Problem details:
Using the records that follow, reproduce exactly the lines starting at the line containing "One Piece Chương 97 – trang 17" and ending at the line containing "Boucle d'oreille goutte". Include both end lines and no pictures.

Excerpted records:
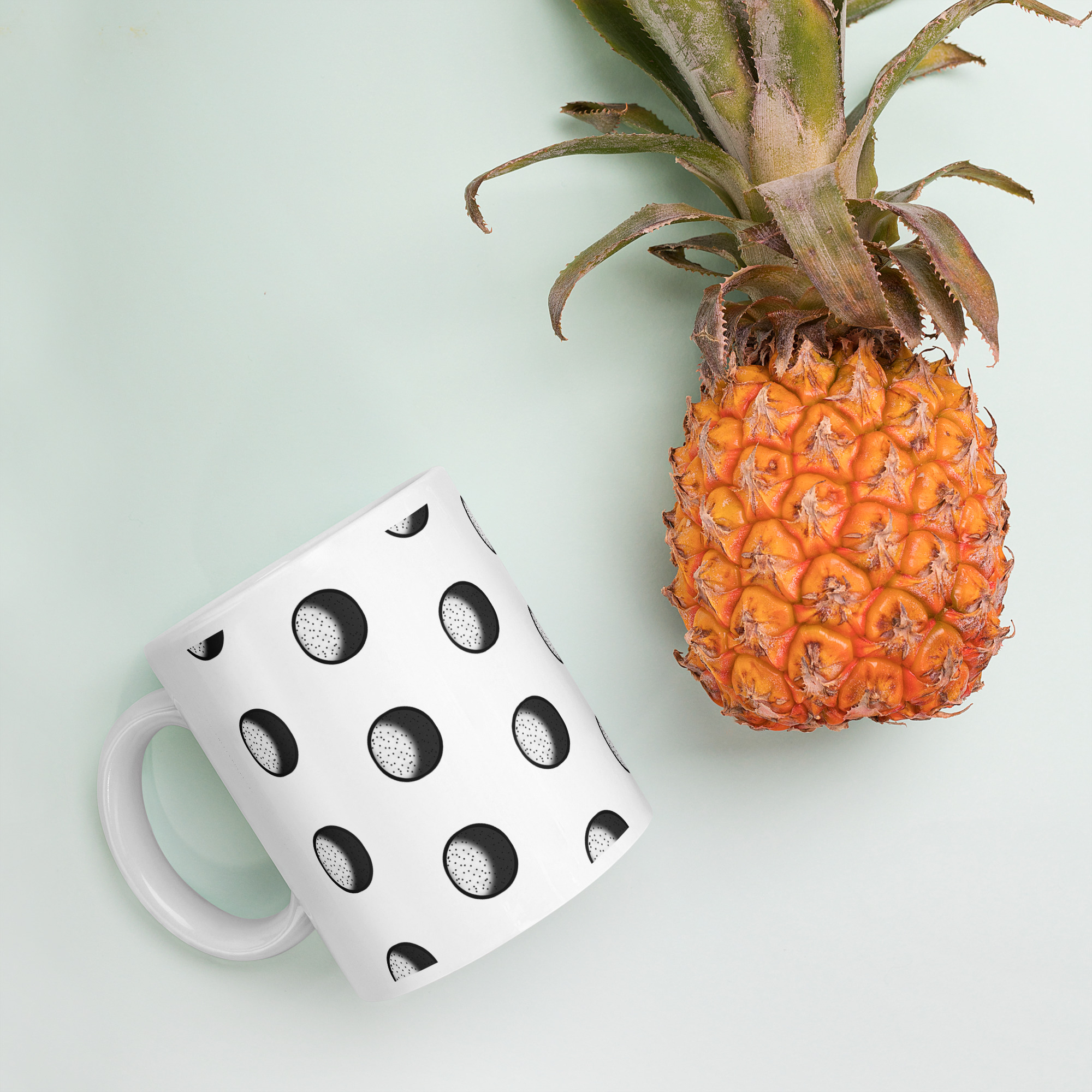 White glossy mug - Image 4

...

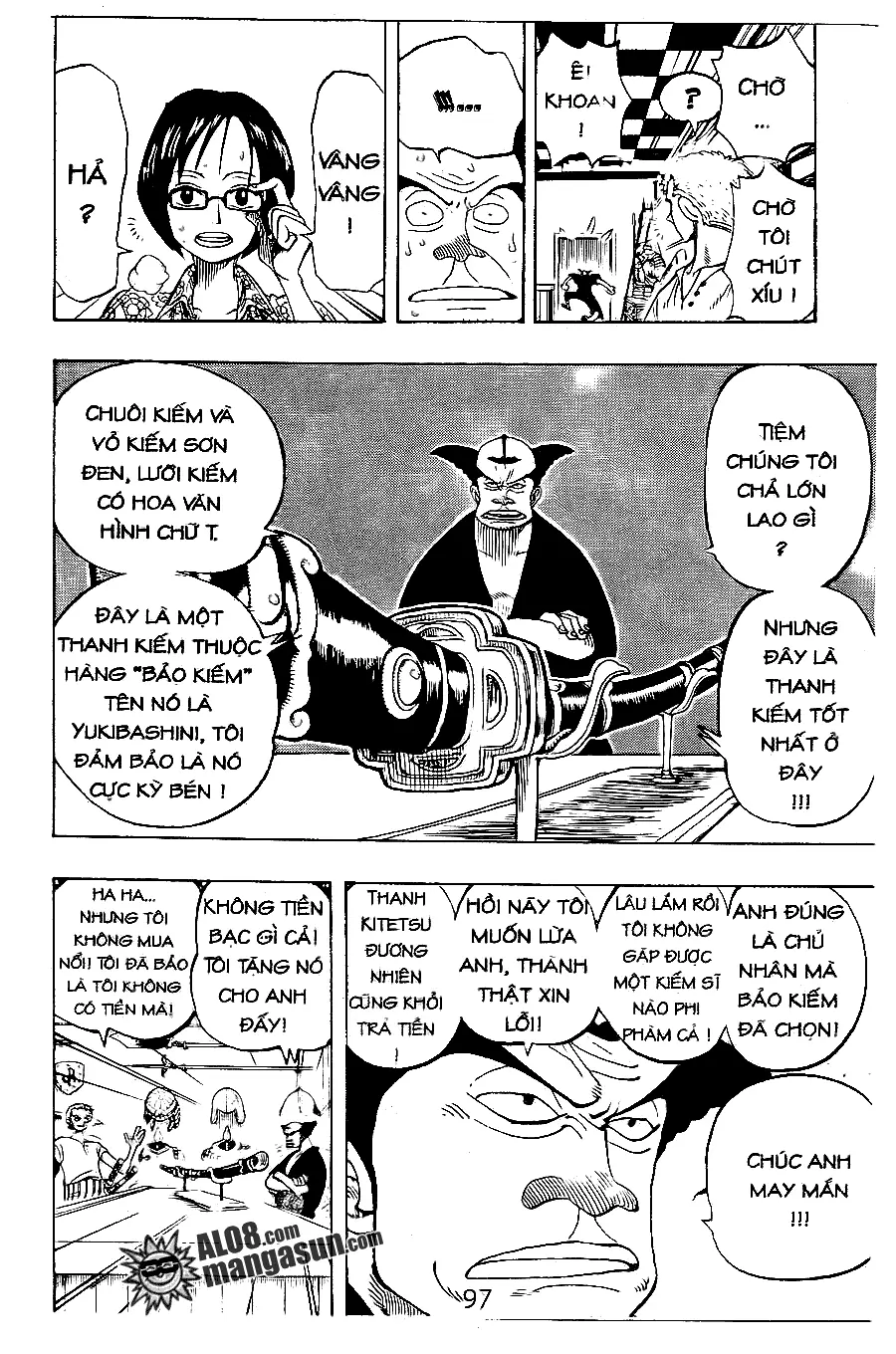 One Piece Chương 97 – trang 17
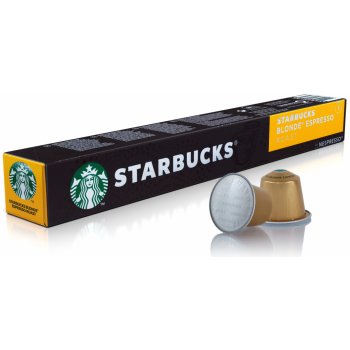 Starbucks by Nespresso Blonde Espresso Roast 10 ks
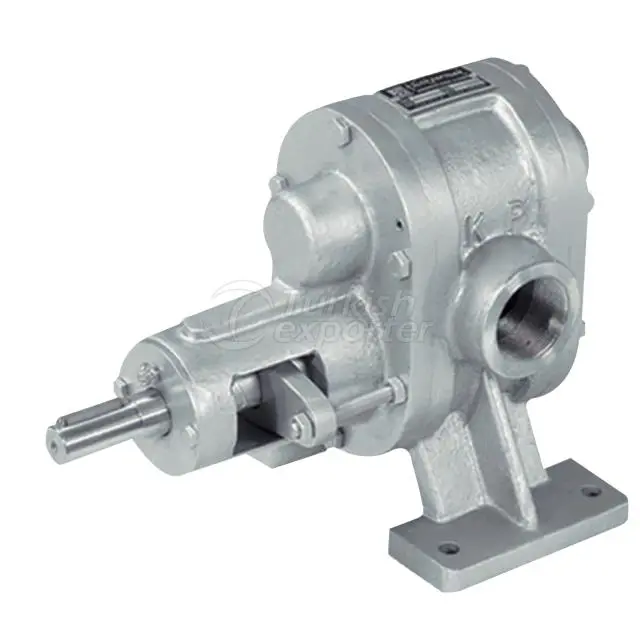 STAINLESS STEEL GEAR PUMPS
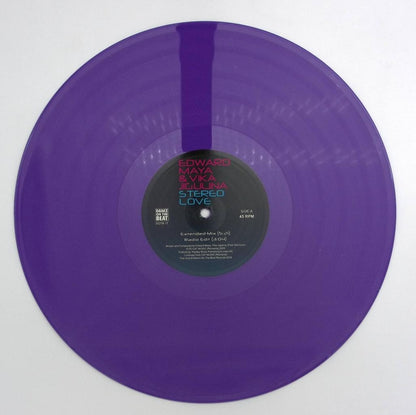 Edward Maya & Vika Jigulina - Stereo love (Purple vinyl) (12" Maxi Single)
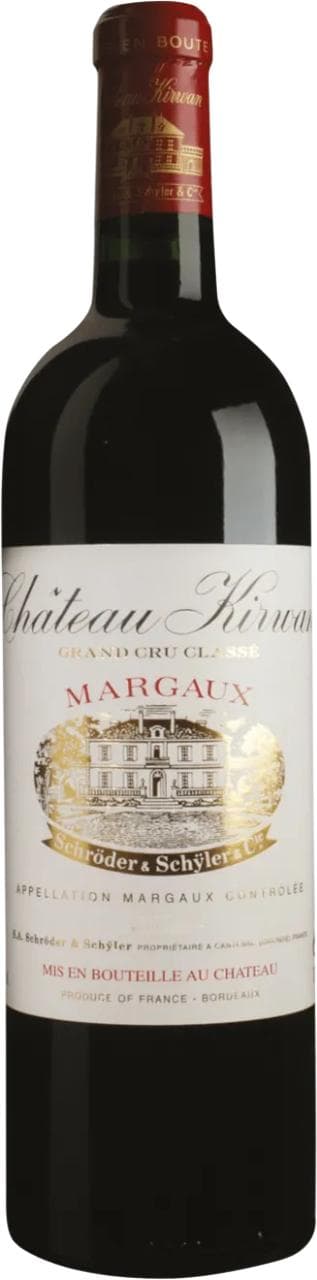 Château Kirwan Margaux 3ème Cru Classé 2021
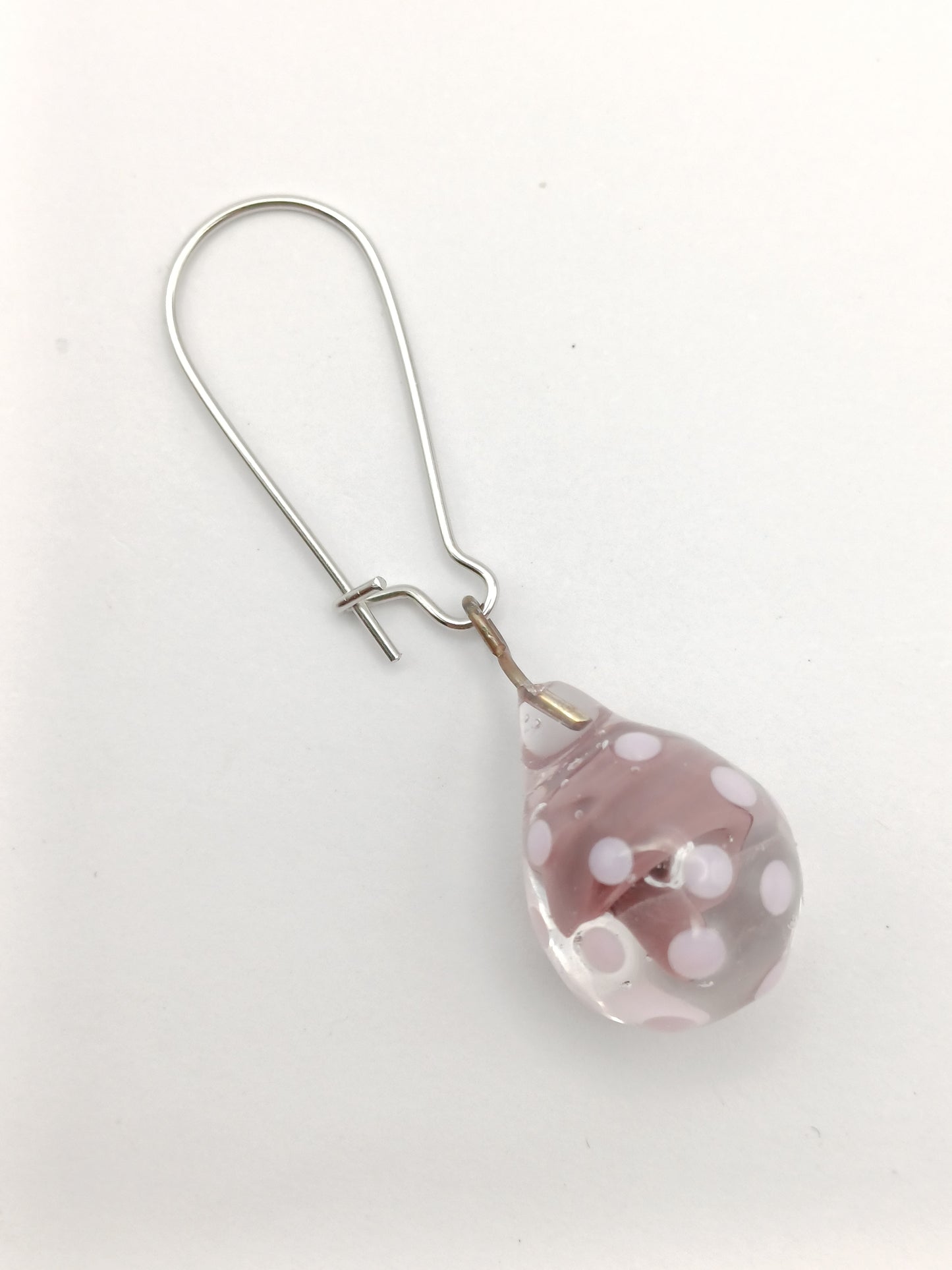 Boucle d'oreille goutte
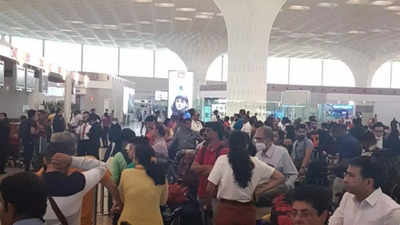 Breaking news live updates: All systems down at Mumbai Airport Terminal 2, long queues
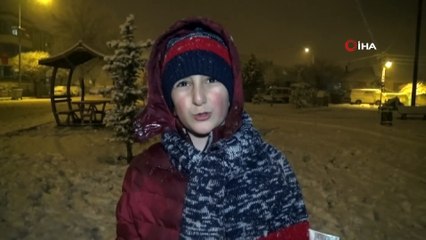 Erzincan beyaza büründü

Solution to this problem:
 One Piece Chương 97 – trang 17
 Starbucks by Nespresso Blonde Espresso Roast 10 ks
 STAINLESS STEEL GEAR PUMPS
 Edward Maya & Vika Jigulina - Stereo love (Purple vinyl) (12" Maxi Single)
 Château Kirwan Margaux 3ème Cru Classé 2021
 Boucle d'oreille goutte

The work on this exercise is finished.